Ever since I changed my robots.txt
file, I started seeing that my LinkedIn posts no longer had the preview of the article available. I was not sure what the issue was initially, since before then it used to work just fine. In addition to that, I have noticed that LinkedIn’s algorithm has started serving my posts to fewer and fewer connections. I was a bit confused by the issue, thinking that it might have been a temporary problem. But over the next two weeks the missing post previews did not appear.
This is what my LinkedIn posts used to look like: no link preview and little engagement with the post
After doing a quick search, I found a tool called LinkedIn Post Inspector. This tool can show everything that you would want to know about links that you are about to share on the platform. I plugged in my recent article in the tool and it revealed to me the reason why I could no longer see the previews - the robots.txt
file had a directive that would not allow LinkedIn bot to scrape the web pages. This was the error message that I got:
Fair enough! Thinking of it now - it makes so much sense! I should have seen that ahead of time. Whenever you want to post something on LinkedIn or other social media platform, they would need to request the page the link of which you are about to share. These bots need that page in order to get access to the meta tags necessary to create the preview. Those are known as Open Graph meta tags. And it all comes from Open Graph Protocol, which was originally created at Facebook.
According to the OPG website,
The Open Graph protocol enables any web page to become a rich object in a social graph. For instance, this is used on Facebook to allow any web page to have the same functionality as any other object on Facebook.
There are only a few required tags needed to implement this for your web resource. But this protocol is highly extensible and allows for all sorts of media to be used as meta information about your page.
To turn your web pages into graph objects, you need to add basic metadata to your page. We’ve based the initial version of the protocol on RDFa which means that you’ll place additional
<meta>
tags in the<head>
of your web page. The four required properties for every page are:
og:title
- The title of your object as it should appear within the graph, e.g., “The Rock”.og:type
- The type of your object, e.g., “video.movie”. Depending on the type you specify, other properties may also be required.og:image
- An image URL which should represent your object within the graph.og:url
- The canonical URL of your object that will be used as its permanent ID in the graph, e.g., “https://www.imdb.com/title/tt0117500/".
This simple yet powerful protocol is what makes the posts across all of the Internet more presentable and informative.
To turn this issue around I updated my robots.txt to allow LinkedInBot
to crawl my resources. If I would want to start posting on other social media sites and see the previews for the posts, I would need to include those other bots here as well.
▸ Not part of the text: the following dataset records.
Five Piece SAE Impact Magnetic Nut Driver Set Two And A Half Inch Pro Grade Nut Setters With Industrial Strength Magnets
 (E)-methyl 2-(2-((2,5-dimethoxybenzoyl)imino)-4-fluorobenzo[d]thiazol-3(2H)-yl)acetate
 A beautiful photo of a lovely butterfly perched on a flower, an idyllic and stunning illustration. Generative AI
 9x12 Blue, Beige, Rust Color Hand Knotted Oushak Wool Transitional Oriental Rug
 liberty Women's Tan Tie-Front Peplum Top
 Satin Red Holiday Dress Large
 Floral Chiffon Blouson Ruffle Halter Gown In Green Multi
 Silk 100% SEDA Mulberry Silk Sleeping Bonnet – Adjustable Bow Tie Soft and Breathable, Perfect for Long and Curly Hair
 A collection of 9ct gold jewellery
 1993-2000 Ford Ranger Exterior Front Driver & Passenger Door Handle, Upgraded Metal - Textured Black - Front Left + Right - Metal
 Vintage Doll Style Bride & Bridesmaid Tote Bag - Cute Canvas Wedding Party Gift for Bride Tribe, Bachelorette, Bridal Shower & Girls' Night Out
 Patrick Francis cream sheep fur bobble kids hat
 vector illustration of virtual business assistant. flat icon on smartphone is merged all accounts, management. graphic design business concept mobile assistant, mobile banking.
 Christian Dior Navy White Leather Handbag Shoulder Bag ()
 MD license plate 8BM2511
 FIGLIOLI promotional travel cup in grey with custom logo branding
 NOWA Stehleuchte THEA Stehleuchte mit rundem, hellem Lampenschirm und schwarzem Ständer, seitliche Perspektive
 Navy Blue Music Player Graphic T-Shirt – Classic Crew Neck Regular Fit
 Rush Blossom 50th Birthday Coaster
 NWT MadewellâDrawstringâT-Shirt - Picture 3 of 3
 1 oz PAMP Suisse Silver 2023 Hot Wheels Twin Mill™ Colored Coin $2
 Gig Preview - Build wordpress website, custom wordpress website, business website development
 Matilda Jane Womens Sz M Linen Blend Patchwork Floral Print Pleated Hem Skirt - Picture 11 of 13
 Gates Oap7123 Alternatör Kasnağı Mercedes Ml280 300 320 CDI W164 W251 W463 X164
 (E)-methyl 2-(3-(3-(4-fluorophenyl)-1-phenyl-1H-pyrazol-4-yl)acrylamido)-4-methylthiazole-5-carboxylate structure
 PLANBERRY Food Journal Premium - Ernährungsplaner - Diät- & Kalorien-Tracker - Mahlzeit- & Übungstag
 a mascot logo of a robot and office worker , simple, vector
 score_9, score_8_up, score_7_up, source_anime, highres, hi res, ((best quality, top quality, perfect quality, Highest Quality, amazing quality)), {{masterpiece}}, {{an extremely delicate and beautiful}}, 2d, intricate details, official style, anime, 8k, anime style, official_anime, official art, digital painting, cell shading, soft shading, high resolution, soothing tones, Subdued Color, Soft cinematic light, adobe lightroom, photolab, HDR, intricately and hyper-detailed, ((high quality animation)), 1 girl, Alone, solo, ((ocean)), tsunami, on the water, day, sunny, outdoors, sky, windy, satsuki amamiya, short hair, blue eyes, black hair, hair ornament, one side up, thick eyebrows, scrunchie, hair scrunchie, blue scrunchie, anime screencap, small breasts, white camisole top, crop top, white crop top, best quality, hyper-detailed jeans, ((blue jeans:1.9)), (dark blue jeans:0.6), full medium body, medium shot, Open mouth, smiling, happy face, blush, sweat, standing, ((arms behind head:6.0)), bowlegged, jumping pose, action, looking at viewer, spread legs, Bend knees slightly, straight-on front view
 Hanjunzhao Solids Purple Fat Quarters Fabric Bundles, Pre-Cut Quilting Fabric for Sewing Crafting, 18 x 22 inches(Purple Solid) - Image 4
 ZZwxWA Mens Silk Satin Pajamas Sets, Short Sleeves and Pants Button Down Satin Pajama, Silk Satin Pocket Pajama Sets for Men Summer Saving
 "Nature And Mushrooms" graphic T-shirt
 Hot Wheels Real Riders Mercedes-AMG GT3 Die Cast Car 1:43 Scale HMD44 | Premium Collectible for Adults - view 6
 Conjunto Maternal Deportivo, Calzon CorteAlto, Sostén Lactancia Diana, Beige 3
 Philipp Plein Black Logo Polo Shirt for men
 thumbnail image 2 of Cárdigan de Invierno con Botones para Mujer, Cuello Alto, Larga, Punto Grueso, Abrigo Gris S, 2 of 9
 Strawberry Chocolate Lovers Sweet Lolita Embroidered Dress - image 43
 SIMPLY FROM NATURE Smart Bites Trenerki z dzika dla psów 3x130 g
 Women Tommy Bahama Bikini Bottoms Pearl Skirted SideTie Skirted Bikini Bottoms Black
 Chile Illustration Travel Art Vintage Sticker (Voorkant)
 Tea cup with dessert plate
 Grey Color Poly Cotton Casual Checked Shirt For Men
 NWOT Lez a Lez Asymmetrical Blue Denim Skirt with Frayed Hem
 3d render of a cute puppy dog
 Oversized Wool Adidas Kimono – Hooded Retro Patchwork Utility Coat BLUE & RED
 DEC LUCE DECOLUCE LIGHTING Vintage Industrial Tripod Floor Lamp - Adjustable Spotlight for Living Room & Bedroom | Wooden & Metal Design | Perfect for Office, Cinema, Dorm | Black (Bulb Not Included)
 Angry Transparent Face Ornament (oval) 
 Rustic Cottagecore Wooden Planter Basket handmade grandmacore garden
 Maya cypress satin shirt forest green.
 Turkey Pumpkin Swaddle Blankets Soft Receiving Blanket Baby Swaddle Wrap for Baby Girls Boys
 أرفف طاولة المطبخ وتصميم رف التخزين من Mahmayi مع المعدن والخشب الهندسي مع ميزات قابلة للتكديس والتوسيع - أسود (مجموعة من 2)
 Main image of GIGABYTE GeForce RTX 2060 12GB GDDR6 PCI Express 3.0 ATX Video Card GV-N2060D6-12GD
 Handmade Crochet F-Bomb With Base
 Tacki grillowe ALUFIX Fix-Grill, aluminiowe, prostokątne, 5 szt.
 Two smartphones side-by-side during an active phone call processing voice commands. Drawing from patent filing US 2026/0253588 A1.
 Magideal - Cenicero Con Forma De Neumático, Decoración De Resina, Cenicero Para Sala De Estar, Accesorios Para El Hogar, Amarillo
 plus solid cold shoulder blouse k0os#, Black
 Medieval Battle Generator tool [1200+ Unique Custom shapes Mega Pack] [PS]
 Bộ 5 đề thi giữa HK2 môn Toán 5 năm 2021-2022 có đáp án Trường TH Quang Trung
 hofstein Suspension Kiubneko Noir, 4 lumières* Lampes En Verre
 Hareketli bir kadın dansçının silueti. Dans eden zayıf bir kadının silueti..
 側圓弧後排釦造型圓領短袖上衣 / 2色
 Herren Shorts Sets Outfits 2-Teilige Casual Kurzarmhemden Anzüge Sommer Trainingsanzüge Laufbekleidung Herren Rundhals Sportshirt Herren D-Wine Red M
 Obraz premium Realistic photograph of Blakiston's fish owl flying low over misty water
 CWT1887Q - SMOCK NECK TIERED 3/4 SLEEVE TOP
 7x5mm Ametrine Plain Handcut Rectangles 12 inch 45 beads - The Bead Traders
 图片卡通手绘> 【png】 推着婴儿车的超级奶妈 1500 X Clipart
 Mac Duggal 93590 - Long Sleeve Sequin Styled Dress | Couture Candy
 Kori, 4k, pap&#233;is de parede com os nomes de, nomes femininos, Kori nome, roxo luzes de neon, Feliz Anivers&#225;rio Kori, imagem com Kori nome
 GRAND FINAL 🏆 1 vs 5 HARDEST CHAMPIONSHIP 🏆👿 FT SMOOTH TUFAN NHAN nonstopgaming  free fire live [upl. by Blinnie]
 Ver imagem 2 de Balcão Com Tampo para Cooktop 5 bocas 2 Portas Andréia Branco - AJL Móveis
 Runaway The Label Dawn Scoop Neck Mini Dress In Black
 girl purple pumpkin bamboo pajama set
My new current configuration looks like this:
User-agent: LinkedInBot
Allow: /
User-agent: *
Disallow: /
Turns out that sometimes drastic measures like blocking all crawlers could make content presentation suffer. What I missed when I implemented that change was the fact that I didn’t thoroughly test the impact of blocking all of the traffic like that. Now that I have encountered that issue, it led me to learn more about the Open Graph Protocol and tools like LinkedIn Post Inspector which told me what the problem was.
When working on any feature - no matter how small it is - make sure that you understand the domain in which you are creating the changes. As the practice shows, sometimes that is not how things work out. Initially I did not connect the dots between the OPG and robots.txt prohibitions.
Sometimes you have to break a few eggs before you make an omelet. Well… you always have to break some eggs to make an omelet… You get the point.